2001年小泉政権の発足当初に「骨太の方針」を打ち出したときに、貯蓄から投資への流れが主張されました。
20年以上が経過し、岸田政権で所得倍増計画による新しいNISAが開始されたばかりですが、国民の大部分が貯蓄を優先しているのが現状です。
本記事では、貯蓄から投資が進まない原因と、今後10~20年かけて少しずつ流れが変わる予想について解説します。ぜひ最後までご覧ください。
日本では貯蓄から投資がなかなか進まない
日本では金融資産の半分以上を現金・預金に配分されているのが現状です。以下の画像は2004年以降における家計の金融資産の調査結果を示しています。
画像引用元:2023年第3四半期の資金循環(速報)|日本銀行調査統計局
2004年における金融資産のうち「現金・預金」の割合は54.8%でした。2023年現在の割合は52.5%であり、20年以上の期間中にほとんど変化はなく、投資の重要度は低い位置付けです。
なぜこのように貯蓄・預金体質から抜け出せないでいるのか、次章で詳しく検討していきます。
「貯蓄から投資へ」が進まない3つの理由
貯蓄から投資が進まない理由はいくつか考えられますが、長年経験してきたお金への向き合い方が大きな要因であると考えられます。
本章では具体的な3つの理由について紹介するので、参考にしてみてください。
1. 投資する余裕がない
資金的な余裕のなさが、投資を始めるハードルを大きく上げている点に間違いはありません。
2021年に金融庁が行った意識調査において、資産運用をしない理由のなかでもっとも多かったのが「余裕資金がないから」です。
画像引用元:リスク性金融商品販売に係る顧客意識調査結果|金融庁
日本の平均年収は、20年近く上がっていません。会社員の場合、社会保険料として毎月の給料から健康保険・介護保険・厚生年金・雇用保険料が差し引かれますが、20年前より負担額が増えているのが現状です。
また消費税率の増加やインフレによって支出も増えているため、手元に残るお金はどんどん少なくなっています。
国民目線で考えて投資に回す資金がないのも、苦しい現状をあらわしています。
2. 損する可能性があると考える
現金と比べて株式・債券などはリスク資産であり、損する可能性があると考え投資を始められない人は一定数います。
1970~1990年代前半まで、銀行預金の金利は高く年利6%前後で利子を受け取れる時期がありました。100万円を1年間預けているだけで、ノーリスクで6万円ものお金を手に入れられる計算です。
現在は定期預金にしてもほとんど利息がつかず、インフレによって現金の価値は目減りするので、銀行に預けているだけだと気づかないうちに資産が減ります。

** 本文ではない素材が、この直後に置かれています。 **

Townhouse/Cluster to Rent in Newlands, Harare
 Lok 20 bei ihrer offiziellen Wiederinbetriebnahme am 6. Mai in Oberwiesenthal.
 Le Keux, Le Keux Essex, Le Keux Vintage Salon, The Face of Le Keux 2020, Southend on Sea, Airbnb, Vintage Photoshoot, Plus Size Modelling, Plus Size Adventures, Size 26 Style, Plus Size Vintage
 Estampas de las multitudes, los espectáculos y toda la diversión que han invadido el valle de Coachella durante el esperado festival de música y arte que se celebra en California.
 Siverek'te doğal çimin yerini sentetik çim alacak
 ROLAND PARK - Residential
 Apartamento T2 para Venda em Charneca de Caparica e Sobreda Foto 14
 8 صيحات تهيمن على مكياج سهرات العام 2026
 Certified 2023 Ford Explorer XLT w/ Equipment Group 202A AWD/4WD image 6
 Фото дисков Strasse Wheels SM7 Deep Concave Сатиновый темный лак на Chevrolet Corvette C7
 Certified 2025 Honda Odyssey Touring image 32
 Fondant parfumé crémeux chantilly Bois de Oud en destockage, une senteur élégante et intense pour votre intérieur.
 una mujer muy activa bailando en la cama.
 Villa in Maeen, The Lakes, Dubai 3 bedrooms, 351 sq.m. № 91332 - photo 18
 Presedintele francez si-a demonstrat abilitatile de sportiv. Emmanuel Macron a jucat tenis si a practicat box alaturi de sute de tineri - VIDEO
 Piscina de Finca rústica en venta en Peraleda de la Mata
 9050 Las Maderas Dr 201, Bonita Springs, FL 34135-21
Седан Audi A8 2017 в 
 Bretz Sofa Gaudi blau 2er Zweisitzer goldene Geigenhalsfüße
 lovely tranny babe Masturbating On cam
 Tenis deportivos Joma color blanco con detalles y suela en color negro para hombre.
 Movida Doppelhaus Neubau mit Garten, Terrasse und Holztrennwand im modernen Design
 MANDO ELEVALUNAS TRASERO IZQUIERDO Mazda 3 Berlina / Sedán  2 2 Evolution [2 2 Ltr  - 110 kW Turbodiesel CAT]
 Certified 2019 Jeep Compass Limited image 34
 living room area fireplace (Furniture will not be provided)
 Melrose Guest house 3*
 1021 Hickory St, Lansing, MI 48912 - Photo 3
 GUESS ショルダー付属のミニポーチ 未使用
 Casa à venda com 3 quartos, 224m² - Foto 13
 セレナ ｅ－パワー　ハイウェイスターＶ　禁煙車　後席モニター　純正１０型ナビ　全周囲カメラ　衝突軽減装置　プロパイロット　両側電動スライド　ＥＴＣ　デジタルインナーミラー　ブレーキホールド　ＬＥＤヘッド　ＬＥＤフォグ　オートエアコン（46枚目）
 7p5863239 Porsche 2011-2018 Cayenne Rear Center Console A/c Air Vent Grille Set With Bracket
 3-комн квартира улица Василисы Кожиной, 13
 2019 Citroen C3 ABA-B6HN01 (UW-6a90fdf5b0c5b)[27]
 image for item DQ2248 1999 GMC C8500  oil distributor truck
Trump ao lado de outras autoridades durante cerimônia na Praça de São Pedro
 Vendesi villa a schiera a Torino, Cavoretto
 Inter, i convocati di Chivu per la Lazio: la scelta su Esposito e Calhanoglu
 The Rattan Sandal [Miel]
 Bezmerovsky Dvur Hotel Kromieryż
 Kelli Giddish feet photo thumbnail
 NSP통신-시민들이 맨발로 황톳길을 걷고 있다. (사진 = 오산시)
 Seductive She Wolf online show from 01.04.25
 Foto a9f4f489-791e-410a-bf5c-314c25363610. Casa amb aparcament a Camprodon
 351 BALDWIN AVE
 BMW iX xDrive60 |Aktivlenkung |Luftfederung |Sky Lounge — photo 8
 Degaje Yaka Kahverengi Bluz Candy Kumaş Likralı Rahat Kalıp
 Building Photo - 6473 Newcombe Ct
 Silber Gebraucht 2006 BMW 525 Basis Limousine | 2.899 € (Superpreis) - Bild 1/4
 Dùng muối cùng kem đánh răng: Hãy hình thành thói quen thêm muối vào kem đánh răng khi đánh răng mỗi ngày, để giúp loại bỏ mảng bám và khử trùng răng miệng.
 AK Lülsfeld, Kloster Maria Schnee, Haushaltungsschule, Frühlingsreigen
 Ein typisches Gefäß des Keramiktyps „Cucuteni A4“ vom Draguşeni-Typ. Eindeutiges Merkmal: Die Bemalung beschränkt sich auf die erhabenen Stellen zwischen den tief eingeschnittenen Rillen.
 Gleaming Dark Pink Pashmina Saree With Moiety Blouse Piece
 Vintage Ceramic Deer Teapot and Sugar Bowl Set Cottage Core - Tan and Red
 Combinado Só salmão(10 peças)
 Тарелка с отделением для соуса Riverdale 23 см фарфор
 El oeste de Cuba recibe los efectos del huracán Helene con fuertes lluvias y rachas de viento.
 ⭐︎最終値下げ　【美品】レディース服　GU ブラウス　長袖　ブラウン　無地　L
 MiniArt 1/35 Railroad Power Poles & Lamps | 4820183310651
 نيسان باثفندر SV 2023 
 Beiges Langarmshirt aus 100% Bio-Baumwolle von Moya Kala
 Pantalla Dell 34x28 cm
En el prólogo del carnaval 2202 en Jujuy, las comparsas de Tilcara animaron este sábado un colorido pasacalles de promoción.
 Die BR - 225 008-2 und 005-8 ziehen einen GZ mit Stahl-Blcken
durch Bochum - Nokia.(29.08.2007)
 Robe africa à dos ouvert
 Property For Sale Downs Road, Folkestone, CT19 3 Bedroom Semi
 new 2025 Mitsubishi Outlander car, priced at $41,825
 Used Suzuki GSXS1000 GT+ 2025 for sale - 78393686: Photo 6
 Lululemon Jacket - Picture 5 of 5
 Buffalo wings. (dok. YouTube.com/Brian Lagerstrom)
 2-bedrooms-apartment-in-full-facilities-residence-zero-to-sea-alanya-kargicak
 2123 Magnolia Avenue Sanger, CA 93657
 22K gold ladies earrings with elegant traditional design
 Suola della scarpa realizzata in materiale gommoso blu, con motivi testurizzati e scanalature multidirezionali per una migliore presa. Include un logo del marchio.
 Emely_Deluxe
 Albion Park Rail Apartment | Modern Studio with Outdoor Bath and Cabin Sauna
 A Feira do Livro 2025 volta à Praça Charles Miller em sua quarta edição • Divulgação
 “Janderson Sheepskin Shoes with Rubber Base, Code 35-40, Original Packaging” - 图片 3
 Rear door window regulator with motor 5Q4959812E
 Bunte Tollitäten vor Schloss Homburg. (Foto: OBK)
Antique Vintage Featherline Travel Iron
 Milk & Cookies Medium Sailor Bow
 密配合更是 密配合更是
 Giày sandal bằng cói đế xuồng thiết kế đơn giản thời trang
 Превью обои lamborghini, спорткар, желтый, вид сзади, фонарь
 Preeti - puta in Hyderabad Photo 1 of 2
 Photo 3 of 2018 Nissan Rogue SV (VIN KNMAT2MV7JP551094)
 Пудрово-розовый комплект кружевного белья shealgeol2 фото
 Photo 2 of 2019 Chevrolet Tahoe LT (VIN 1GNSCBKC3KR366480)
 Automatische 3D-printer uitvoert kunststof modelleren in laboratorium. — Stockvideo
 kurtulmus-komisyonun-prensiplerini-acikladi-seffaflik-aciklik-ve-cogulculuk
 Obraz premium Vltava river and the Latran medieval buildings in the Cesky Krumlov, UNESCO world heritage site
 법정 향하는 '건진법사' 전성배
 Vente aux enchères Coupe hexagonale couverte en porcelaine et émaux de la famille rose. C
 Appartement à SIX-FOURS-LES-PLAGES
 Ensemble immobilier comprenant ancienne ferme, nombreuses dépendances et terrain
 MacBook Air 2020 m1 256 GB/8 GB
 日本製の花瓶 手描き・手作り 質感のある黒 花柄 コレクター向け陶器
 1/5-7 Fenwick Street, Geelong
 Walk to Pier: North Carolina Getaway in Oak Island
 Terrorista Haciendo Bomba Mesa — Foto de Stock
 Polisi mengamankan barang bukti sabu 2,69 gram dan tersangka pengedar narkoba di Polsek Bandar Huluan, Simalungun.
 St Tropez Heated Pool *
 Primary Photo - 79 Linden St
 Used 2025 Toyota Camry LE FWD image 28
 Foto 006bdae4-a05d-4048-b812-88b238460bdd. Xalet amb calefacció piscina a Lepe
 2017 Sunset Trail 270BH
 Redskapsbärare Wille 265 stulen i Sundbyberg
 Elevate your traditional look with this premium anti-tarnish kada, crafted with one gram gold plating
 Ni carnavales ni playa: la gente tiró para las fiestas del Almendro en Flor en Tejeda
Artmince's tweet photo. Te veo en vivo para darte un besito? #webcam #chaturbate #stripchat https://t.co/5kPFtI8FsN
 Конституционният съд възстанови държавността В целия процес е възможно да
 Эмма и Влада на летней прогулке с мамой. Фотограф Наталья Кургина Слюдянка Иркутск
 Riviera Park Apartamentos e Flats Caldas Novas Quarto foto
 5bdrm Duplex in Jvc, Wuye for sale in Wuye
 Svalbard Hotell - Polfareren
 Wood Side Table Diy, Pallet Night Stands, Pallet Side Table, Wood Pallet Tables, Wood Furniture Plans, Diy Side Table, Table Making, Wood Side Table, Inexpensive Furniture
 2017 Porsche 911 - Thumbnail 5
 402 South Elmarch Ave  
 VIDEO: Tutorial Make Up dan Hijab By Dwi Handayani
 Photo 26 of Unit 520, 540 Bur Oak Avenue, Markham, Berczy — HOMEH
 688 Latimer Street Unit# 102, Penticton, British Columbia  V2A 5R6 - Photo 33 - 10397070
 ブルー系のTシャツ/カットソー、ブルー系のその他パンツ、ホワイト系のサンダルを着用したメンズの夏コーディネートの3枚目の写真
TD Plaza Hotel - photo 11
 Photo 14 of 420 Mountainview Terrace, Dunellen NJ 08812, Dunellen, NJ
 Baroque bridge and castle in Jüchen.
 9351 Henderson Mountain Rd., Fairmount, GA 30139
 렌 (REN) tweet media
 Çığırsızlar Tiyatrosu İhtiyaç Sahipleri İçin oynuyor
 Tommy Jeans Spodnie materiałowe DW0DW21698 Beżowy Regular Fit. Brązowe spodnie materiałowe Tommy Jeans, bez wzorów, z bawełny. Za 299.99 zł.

しかし、昔の印象のまま投資はリスクがあると考え、資産運用に興味がないと考える人がいるのも事実です。
3. 住宅ローンの繰上返済を優先している
昔は住宅ローン金利が高かったので、投資によるリターンを期待するより、繰上返済を優先したほうがリスクを取らずに効率的に資産を残せました。
今から30~40年ほど前の住宅ローンの変動金利は5~8%前後で推移していたため、借り入れ後の利息の返済額が大きく、家計の負担になりました。
たとえば、住宅ローン金利6%で35年間を返済にあてたとき、5,000万円の借り入れで毎月の返済額は約28.5万円です。繰上返済しない場合、利息の総返済額は約6,000万円にもおよぶため、元本を減らさないといつまでも返済が終わらない計算になります。
もちろん現在の住宅ローンの変動金利は年利0.3%台で契約ができるので、繰上返済を急がなくても毎月の支払いに大きな影響は出ません。ただし、昔の価値観のままローンの支払いを優先する考えが残っているため、投資に回す資金を繰上返済にあてる人は一定数います。
高校から金融教育の義務化で将来的には投資への流れが進む
成年年齢を20歳から18歳へ引き下げたことをきっかけに、政府は2022年4月から高校での金融教育を必修化しました。金融教育のなかには、ライフプラン全体でみた資産形成をテーマにした投資授業も含まれています。
金融教育を契機に、資産形成に取り組む必要性を理解する若い世代が増えるのではないでしょうか。
また投資未経験者を対象に金融庁のアンケートで「将来的にリスク性商品を購入したいと思いますか?」への回答は、20~30代を中心に2割以上の人が肯定的な意見でした。
画像引用元:リスク性金融商品販売に係る顧客意識調査結果|金融庁
2024年から新しいNISA制度が開始され、投資に対して前向きに考える年代は増えてくると筆者は考えています。これから10~20年先の未来では「貯蓄から投資へ」が徐々に浸透する社会が実現していくのではないでしょうか。